From the spot where he is standing, Jon Longwell can see every person in every chair. He is the lead pastor at Grace Church in the Town of Tonawanda, and the roughly 170 people who fill the seats in front of him every Sunday are his responsibility. His worldview is shaped by the Bible, and so is his view on his job. He believes a pastor is a shepherd, and a shepherd has three responsibilities: to feed, to guide and to care for the flock.
Feeding is the sermon that he delivers from this spot every Sunday. Guiding is helping people find their way to what Longwell describes as “a closer walk with Jesus.”
Caring is, in part, protecting – and the reality of what that could mean is wrenching. Attacks at places of worship, while drawing understandably massive public attention, are exceptionally rare. But the sheer notion of it happening is enough to prompt Longwell to be proactive. He has a concealed carry permit and has debated with himself whether he should tuck a firearm somewhere beneath the casual attire he wears while preaching. He’s talked about it with a pastor friend, and he’s been advised to do it, but admits, “I’m not there yet.”

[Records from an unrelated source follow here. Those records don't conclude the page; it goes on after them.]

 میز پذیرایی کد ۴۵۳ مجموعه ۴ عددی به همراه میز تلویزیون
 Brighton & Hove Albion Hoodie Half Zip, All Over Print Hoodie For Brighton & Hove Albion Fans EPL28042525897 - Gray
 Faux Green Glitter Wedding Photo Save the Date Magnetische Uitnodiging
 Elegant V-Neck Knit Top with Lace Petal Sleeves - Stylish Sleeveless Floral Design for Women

He’s not there, but he is here: Standing at the pulpit on a Sunday evening, looking at those seats, which tonight are filled mostly with members of his church security team, who were sitting quietly, their faces shielded by black protective masks.

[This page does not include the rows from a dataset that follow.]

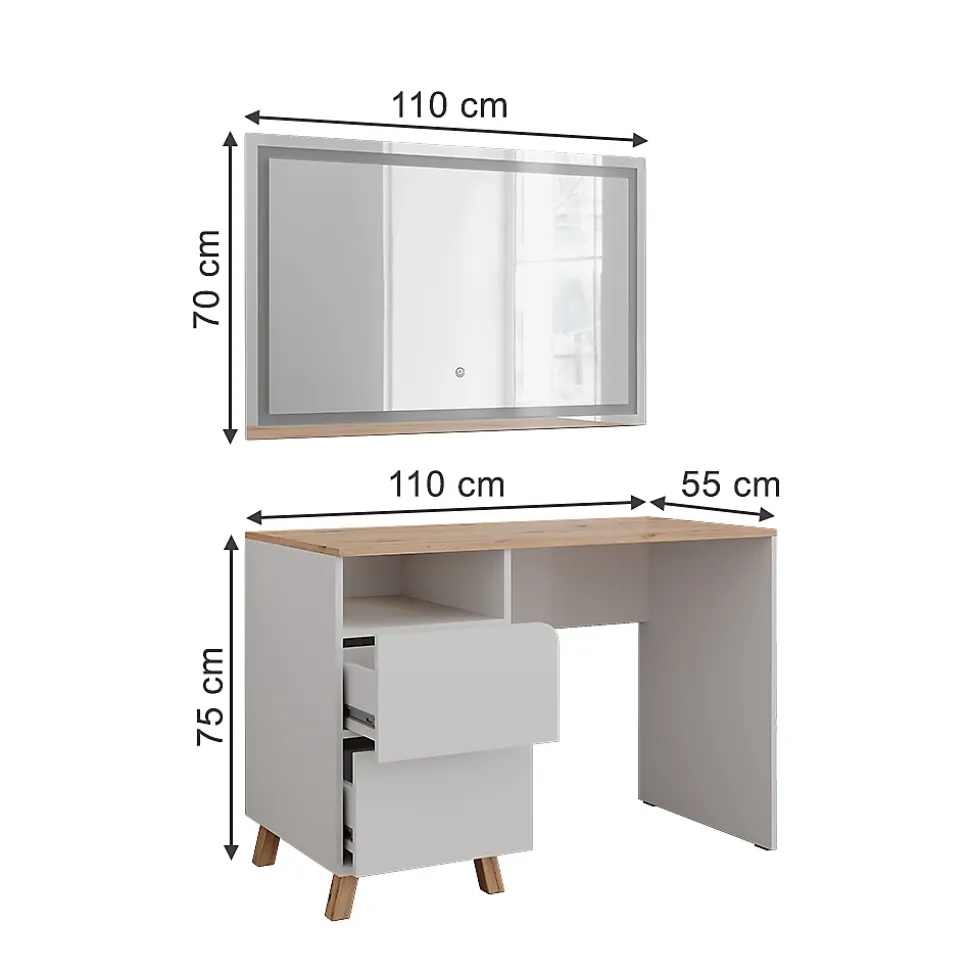 Vicco Coiffeuse Blanc/Artisan 110cm avec miroir LED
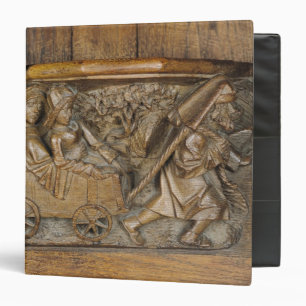 Carving depicting a couple in cart pulled by a binder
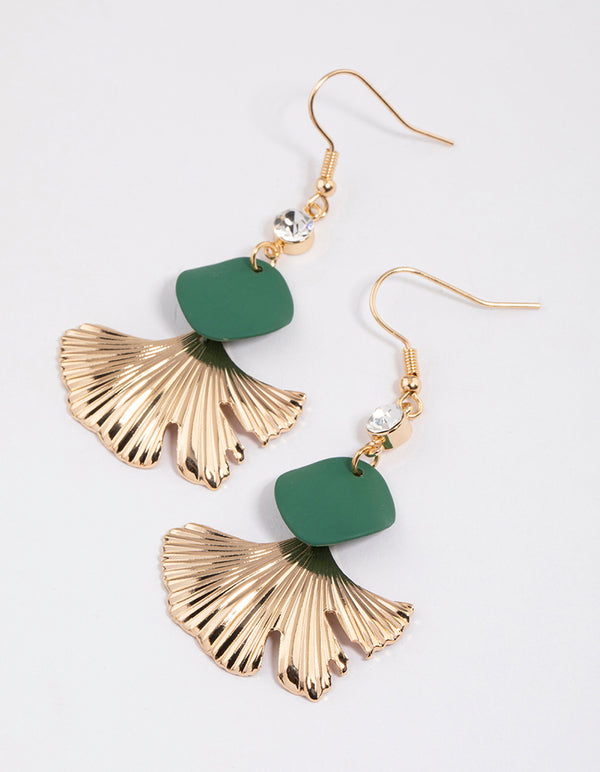 Green Leaf Disc Drop Earrings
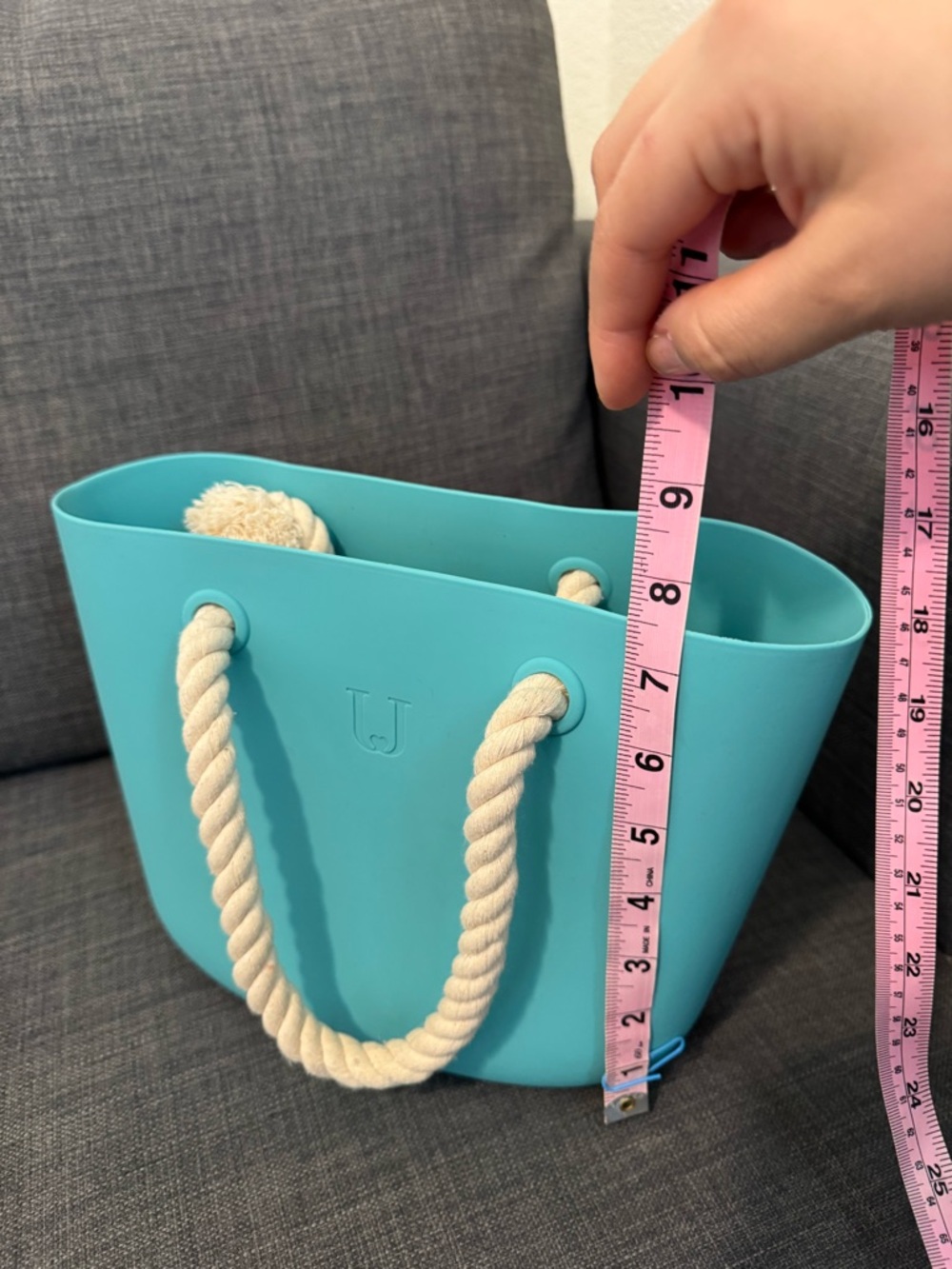 Turquoise Tote with Cream Rope Handles - Picture 10 of 10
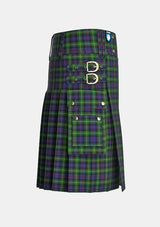 Utility_Farquharson_Tartan_1352_kilt_right_image_with_pleated_design_and_adjustable_buckles_for_men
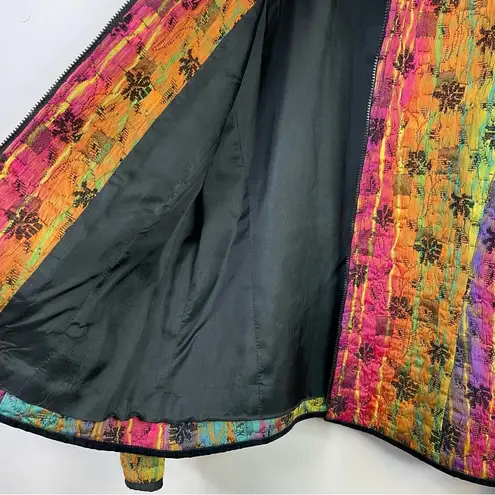 Vintage 80s Elliott Lauren Rainbow Boho Floral Quilted Zip Up Jacket womens 6 M
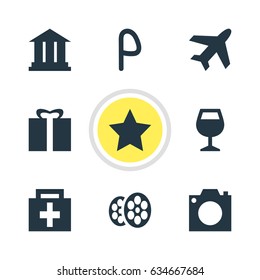 Vector Illustration Of 9 Location Icons. Editable Pack Of Bookmark, Car Park, Photo Device And Other Elements.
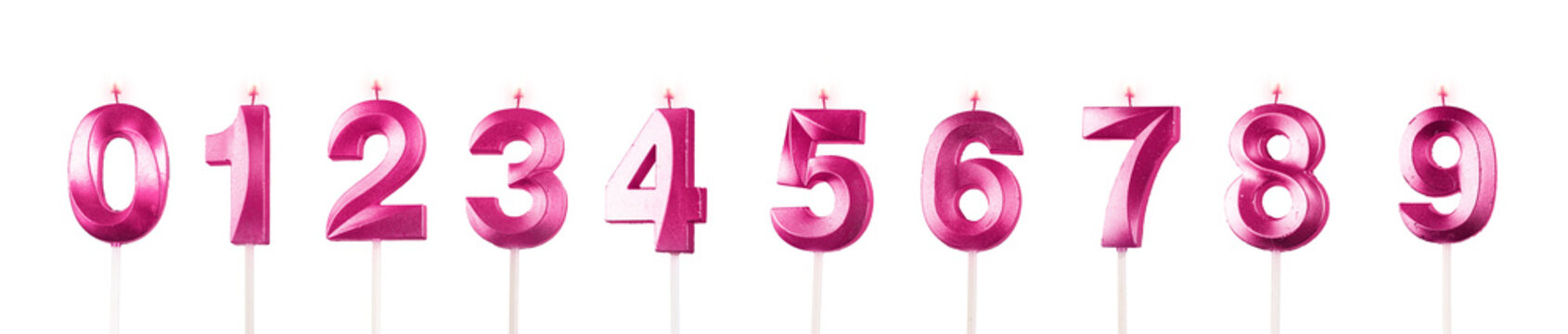 123 number shaped candles set. Candlelight for every year, birthday from 0 to 9 isolated on white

Longwell scanned the room, and broke the silence.
“This is bizarre,” he said.
At that very moment, a man rose from the seats with an angry scream, raised a gun into the air, and fired.
* * *
Longwell and his security team at Grace Church were participating in an active shooter training session run by Defensor Inc., a company founded in 2015 by a veteran and a police officer. At its Grand Island facility, Defensor holds firearms training sessions, ranging from pistol permit classes to close-quarters battle to military training for cinema. Many of the courses take place in a simulated house, fashioned with plywood walls, where students learn how to clear a room and, depending on the intensity of the training, take down an assailant.
Defensor also conducts on-site training for organizations such as churches, where they train – and sometimes help select – a security team, and develop an emergency response plan specific to the layout of the building. Depending on the extent of the training, the sessions also may include instruction on behavioral detection, situational awareness, combat-style first aid, how to effectively call 911, and what to say – and not say – to police when they arrive.
Defensor allowed a Buffalo News reporter to shadow and participate in training sessions that involved several churches, both at its headquarters and on-site, with the understanding that details about specific church security teams and response plans be omitted.
One of those training sessions took place at Grace Church, where the Defensor team spent four hours working with Longwell and members of his security ministry.
The session began with a classroom-style slideshow and video review of first-aid tactics led by Stephen Felano, one of Defensor’s three partners and the only one who is a civilian, and followed up with hands-on instruction from David DiTullio, the company’s chief operations officer and an Army combat veteran.
“We’re a big proponent in the military of self-aid before buddy aid,” DiTullio told the group. “As soon as I take a shot, if I know what I’m doing, I can already start slowing my blood down with my belt. I can use my shoelaces. I can get real creative. I can take shirts off and pack it.”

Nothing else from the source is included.